Address : Maras Mh. Kaunos Sk. No:30   48840 Dalyan  Mugla/Turkey



       Sea turtles have been living on earth for 110 million years, the human being, however, for only 2-3 million years. Of the eight species living in the world's seas, five are present in the Mediterranean. It is estimated that only a limited number of individuals the Leatherback Sea Turtle, the Hawksbill Sea Turtle and the Kemp's Ridley Sea Turtle species enter the Med for nutrition or by mistake. The other two species are the Caretta Caretta ( Loggerhead Sea Turtle) and the Chelonia Mydas ( Green Sea Turtle) . The nesting areas of almost half of these that  live in the Med is, Turkey's Med coast . Like the other sea turtles, these two species spend their entire life in the sea and come to beaches only to dig a nest and lay their eggs.

       Research shows that the sea turtles living in the Med are species that are partly genetically modified. The meaning of this that, apart from accidental entries and exits, Med sea turtles do not go to the ocean after laying eggs. Turtle of other seas, do not enter the Med. However, Med sea turtles can migrate between their reproduction and wintering areas within this sea. The Greek, Turkish and Cyprus coasts are their most important nesting areas while the shores of Tunisia, Libya, Italy ans Spain are their most important wintering and feeding areas. More than half of the Med Caretta Caretta population come to Turkey's Western ans Central Med coasts, especially to Iztuzu, Belek, Kızılot and Anamur, to layeggs. It is known that yearly an avarage of 2000 Caretta Caretta nests are made in the Turkish coast and that an average of 100 eggs is laid in each nest. Considering  that a mature female makes a nest 4 to 8 times each season, we know that annually about 500 Caretta Caretta females nest in the beaches of our country. Only a scant few  , about 2 or 3 of the 1000 young that are able to hatch, live for 25 years and reach maturity.

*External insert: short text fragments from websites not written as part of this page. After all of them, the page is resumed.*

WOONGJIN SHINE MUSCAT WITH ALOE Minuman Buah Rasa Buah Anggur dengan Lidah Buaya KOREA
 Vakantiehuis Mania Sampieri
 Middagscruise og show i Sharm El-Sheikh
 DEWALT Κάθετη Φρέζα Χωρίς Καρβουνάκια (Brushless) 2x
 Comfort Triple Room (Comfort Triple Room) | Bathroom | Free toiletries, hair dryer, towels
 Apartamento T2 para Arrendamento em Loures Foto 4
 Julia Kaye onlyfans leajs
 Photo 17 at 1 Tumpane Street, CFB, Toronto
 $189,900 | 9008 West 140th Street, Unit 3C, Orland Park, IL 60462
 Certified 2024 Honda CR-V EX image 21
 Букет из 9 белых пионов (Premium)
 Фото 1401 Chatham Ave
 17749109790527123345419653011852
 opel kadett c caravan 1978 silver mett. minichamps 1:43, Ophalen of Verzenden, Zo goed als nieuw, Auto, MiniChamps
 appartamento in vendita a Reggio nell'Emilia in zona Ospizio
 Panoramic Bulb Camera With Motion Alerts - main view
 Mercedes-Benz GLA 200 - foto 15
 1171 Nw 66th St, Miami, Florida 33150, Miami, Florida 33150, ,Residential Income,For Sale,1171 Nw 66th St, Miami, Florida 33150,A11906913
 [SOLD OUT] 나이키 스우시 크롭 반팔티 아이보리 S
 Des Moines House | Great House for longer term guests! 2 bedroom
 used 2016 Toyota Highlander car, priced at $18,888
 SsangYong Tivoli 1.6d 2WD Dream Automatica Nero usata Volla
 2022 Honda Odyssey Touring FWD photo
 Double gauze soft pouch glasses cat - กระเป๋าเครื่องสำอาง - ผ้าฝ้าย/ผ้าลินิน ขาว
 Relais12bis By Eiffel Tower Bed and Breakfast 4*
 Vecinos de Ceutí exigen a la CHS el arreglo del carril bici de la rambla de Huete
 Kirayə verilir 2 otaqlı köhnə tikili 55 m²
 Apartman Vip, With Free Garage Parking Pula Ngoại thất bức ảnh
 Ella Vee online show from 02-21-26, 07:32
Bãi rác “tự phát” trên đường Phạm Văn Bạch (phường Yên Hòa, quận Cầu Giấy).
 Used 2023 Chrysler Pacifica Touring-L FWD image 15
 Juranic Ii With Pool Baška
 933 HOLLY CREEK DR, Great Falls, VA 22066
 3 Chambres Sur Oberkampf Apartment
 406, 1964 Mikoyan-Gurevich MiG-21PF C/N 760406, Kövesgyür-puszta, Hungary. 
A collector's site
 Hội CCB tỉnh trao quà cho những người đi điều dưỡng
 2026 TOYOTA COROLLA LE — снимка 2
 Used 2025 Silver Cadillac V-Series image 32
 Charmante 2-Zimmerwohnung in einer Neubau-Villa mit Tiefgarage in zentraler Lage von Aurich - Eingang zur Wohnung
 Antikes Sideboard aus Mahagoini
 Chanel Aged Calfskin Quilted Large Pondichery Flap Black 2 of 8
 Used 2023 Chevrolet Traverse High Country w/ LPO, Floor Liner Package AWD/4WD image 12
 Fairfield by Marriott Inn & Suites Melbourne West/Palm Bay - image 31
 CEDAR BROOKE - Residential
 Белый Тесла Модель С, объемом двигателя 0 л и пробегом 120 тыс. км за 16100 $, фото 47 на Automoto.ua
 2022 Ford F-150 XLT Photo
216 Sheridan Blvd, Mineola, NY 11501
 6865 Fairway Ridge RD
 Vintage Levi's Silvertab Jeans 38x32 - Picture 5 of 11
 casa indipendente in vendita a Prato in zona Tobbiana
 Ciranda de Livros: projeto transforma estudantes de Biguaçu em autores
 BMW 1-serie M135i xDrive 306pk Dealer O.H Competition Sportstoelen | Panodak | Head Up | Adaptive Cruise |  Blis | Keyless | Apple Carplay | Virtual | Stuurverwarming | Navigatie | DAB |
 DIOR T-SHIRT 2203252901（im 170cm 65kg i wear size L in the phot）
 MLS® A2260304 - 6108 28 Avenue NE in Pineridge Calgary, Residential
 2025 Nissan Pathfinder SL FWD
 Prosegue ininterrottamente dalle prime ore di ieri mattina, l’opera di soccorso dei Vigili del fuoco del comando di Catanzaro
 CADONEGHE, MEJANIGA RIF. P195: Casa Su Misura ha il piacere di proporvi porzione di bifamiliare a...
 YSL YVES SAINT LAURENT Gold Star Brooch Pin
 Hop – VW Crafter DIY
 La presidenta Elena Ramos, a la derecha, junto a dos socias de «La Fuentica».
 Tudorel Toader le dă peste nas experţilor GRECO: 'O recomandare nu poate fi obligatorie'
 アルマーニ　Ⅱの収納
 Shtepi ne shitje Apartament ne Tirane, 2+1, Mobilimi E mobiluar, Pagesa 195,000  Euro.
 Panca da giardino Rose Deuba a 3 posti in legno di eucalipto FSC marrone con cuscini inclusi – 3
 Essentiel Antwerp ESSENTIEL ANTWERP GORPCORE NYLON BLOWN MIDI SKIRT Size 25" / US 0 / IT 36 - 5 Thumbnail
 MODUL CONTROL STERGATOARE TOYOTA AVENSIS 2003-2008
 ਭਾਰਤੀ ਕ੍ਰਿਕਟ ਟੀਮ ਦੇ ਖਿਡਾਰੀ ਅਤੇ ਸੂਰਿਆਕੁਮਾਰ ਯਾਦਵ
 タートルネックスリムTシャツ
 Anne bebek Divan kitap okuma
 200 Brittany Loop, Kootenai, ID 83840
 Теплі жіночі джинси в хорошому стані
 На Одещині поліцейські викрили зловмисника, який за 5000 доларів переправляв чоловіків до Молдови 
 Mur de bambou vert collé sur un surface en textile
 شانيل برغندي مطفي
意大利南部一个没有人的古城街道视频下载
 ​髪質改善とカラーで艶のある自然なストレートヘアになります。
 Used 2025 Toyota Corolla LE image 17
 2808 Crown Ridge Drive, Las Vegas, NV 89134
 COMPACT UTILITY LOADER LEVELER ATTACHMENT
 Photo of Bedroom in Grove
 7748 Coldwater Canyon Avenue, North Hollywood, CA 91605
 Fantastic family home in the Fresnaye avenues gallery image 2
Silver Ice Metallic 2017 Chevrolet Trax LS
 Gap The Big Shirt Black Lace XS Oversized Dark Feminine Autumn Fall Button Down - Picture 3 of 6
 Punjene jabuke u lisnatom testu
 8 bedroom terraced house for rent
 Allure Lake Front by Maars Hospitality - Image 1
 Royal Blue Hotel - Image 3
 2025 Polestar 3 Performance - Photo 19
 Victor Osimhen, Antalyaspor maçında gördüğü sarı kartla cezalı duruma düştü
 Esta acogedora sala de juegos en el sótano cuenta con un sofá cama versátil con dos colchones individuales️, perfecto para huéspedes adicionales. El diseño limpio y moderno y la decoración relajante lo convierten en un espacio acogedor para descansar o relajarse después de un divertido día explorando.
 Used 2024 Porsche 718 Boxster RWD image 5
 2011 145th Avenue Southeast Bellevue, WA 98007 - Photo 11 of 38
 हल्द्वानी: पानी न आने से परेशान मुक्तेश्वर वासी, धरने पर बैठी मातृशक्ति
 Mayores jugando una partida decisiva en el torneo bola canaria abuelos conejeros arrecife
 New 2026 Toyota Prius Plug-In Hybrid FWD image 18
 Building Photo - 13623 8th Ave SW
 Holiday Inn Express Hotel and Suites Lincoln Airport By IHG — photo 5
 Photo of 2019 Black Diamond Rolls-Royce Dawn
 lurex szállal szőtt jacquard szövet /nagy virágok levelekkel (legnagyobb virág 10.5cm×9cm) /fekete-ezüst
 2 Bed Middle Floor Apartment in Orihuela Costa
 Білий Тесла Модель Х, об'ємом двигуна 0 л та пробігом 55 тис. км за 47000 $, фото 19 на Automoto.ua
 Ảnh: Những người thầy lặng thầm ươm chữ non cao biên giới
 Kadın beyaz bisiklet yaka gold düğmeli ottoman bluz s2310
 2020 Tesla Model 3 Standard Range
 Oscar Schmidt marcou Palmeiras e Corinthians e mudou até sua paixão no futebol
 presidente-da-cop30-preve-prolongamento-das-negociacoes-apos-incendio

       In the Caretta Carettas' life cycle, each maturing generation returned to the beach it was born for reproduction. They mated in the shollow water of the beach they recognise, thanks to a million-year genetic memory and buried their eggs into the nests they opened in the sand of the same beach. The Caretta Carettas reach sexual maturity at 25 and reproduce in March, April and May. Their eggs-laying season is the months of June, July and August. In order to lay the eggs fertilised with the sperms they store and keep alive, the females bury about 90-100 eggs into the holes they open in the beach at a frequency of 4 to 8 times a night at 12-13 day intervals.

       Incubation last two months, and if the temperature of the sand is above 37 centigrade during this periods, all of the young in the nest become females and cooler temperatures produce male offspring. The eggs hatch while the parching heat of the sun burns the sand, but the young , upon instinct, wait for the dark and cool hours of night to dig the sand and treat on each other to get out.

Then they run towards the pale glint of the sea with all their might and jump into the salty water. Nature has equipped them with two special devices in their competition on the thin line that seperates life and death. The Loggerheads  with two features that help them in their race to defy death. The tusk-like projection on the heads of the young turtles enables them to crack the shell of the egg and then disappears in time. A pea-size accumulation of fat in their abdomen is the energy stock they require to reach the sea quickly.

       This race to live and die is full of obstacles, most of which are man-made. If there are bright lights on the beach due to camps and facilities, the young go inland towards them instead of the sea. When they fall into the deep tracks of car wheels and holes they are mostly unable to get out and fall prey to seagulls, crabs and other carnivores when the sun rises or dehydrate and die. Reaching the sea does not guarantee life for these cute little turtles. They have to swim 24 hours non-stop to reach open sea in order to avoid the large predatory fish that wait for them in the coastal water.   

Another increasingly harmful activity is the "sea turtle watching tour", where turtles are illegaly fed at the delta side of the beach. As Lindos Pension, we strongly object to these tours and request that you do not attend, as the sea turtles tend to stay in the delta section due to these boat tours, get more injuries due to heavy river traffic, and get used to the unnatural way of feeding.